- Problem statement: Copy nothing but the text: repeat each entry exactly and drop the images.
***** Supplied material
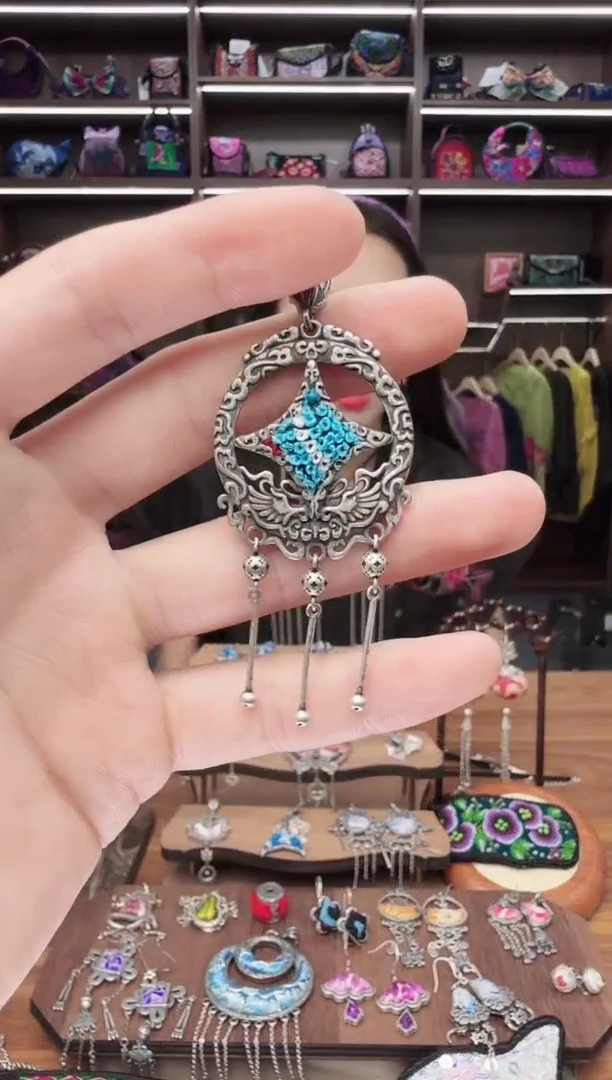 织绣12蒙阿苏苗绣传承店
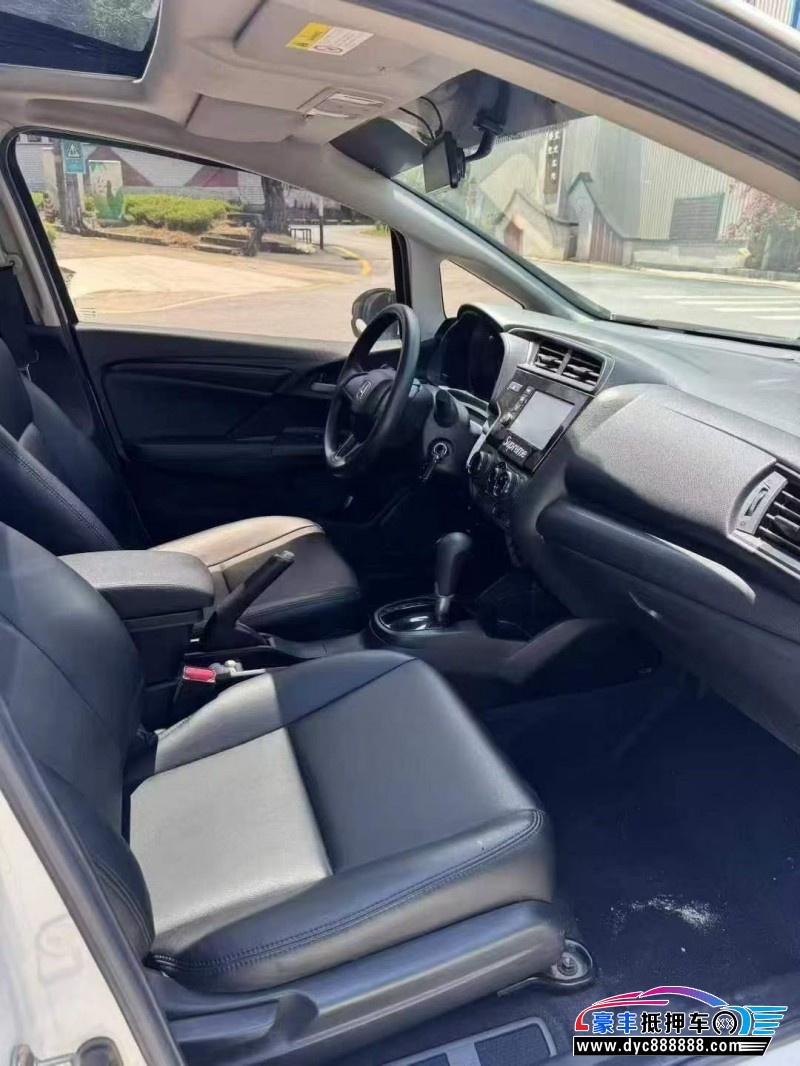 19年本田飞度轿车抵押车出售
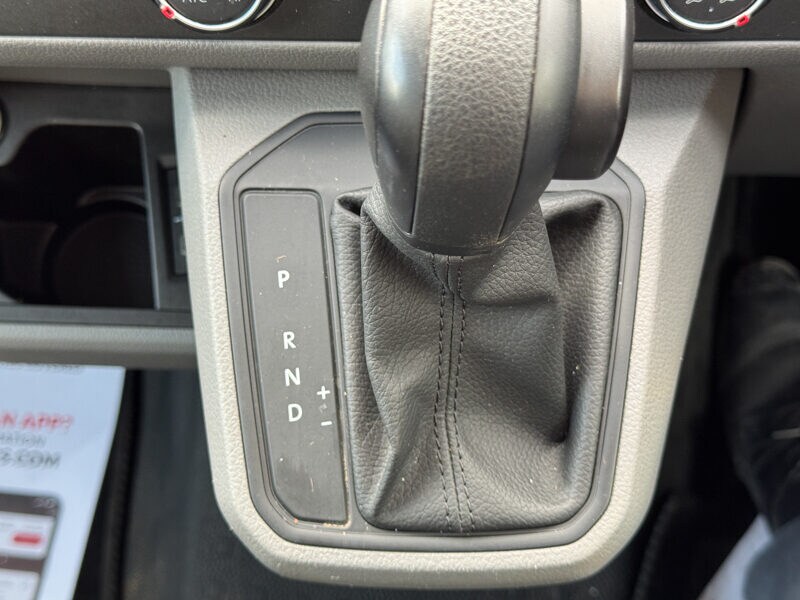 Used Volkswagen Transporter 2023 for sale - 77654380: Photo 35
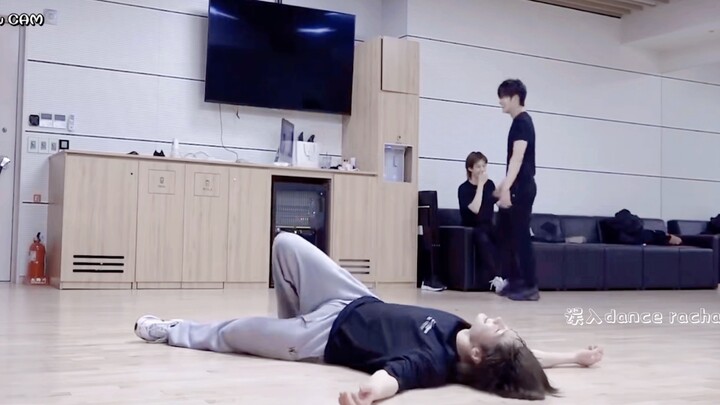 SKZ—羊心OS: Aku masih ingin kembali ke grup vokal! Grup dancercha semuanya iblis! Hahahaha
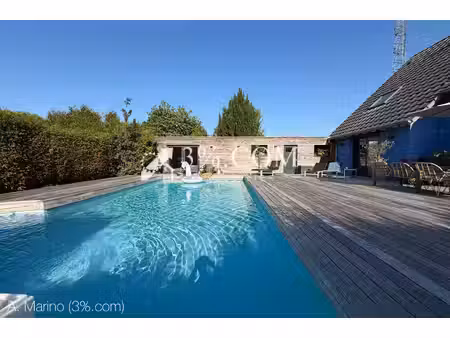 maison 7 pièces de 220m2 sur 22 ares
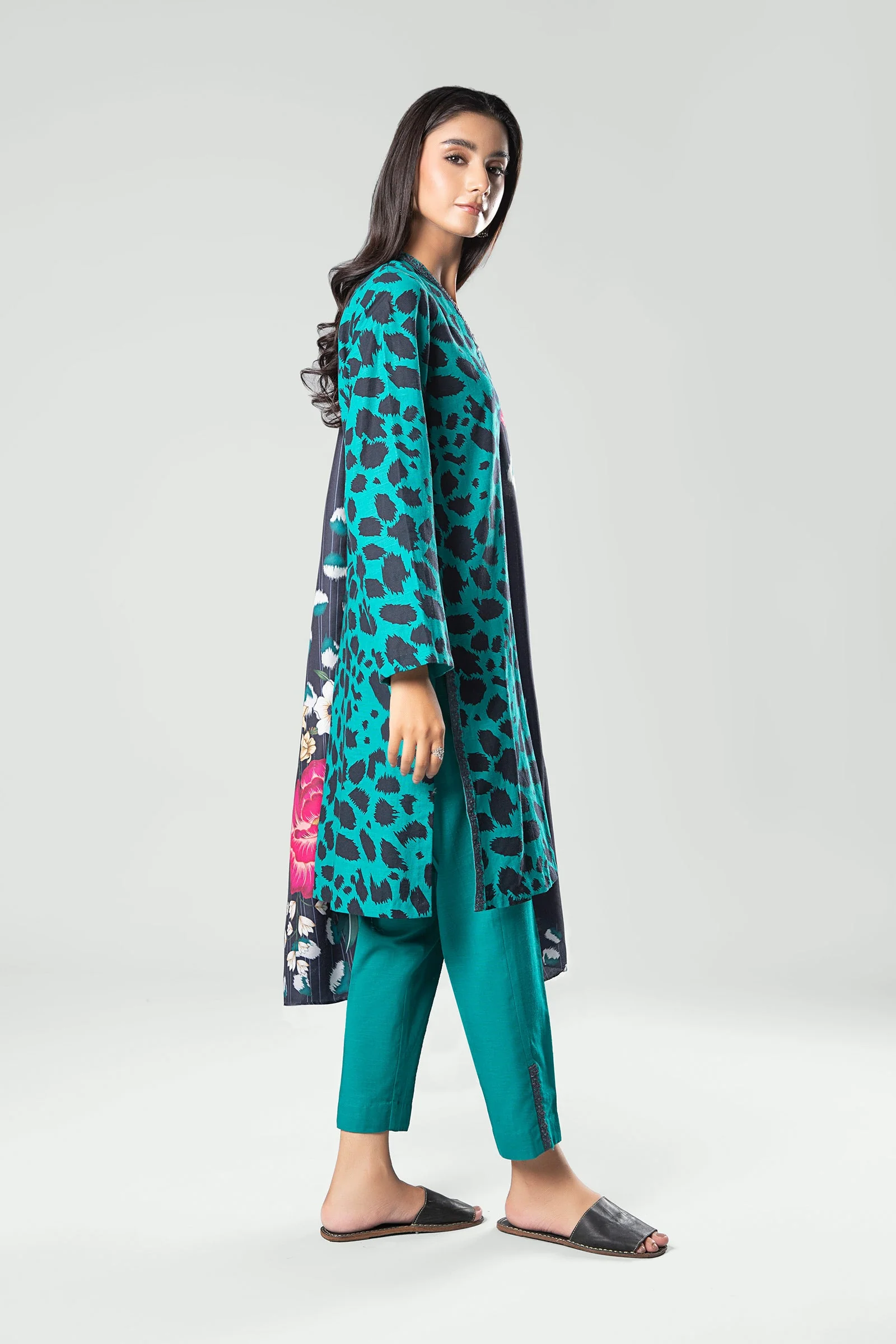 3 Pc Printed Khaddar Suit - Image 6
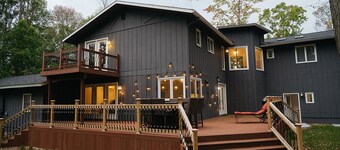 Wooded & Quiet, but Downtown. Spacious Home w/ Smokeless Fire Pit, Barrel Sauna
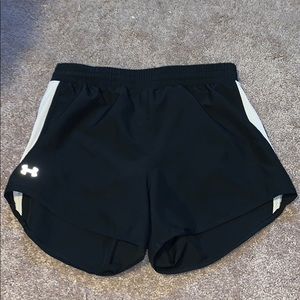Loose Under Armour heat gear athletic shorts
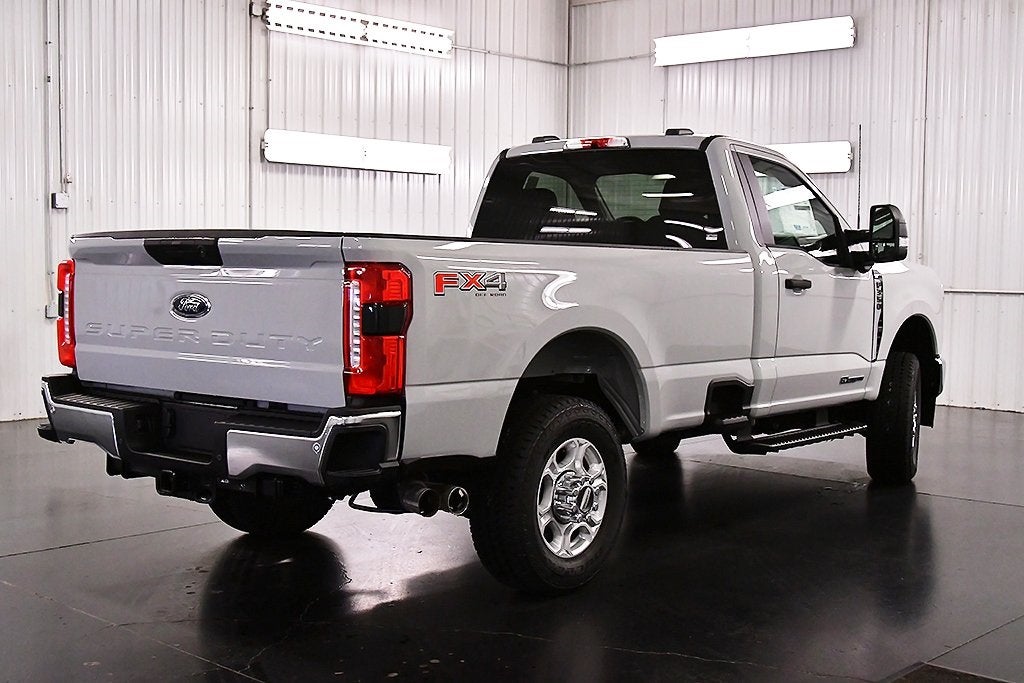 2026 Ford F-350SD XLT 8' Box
**********
- Finished task:
 织绣12蒙阿苏苗绣传承店
 19年本田飞度轿车抵押车出售
 Used Volkswagen Transporter 2023 for sale - 77654380: Photo 35
 SKZ—羊心OS: Aku masih ingin kembali ke grup vokal! Grup dancercha semuanya iblis! Hahahaha
 maison 7 pièces de 220m2 sur 22 ares
 3 Pc Printed Khaddar Suit - Image 6
 Wooded & Quiet, but Downtown. Spacious Home w/ Smokeless Fire Pit, Barrel Sauna
Loose Under Armour heat gear athletic shorts
 2026 Ford F-350SD XLT 8' Box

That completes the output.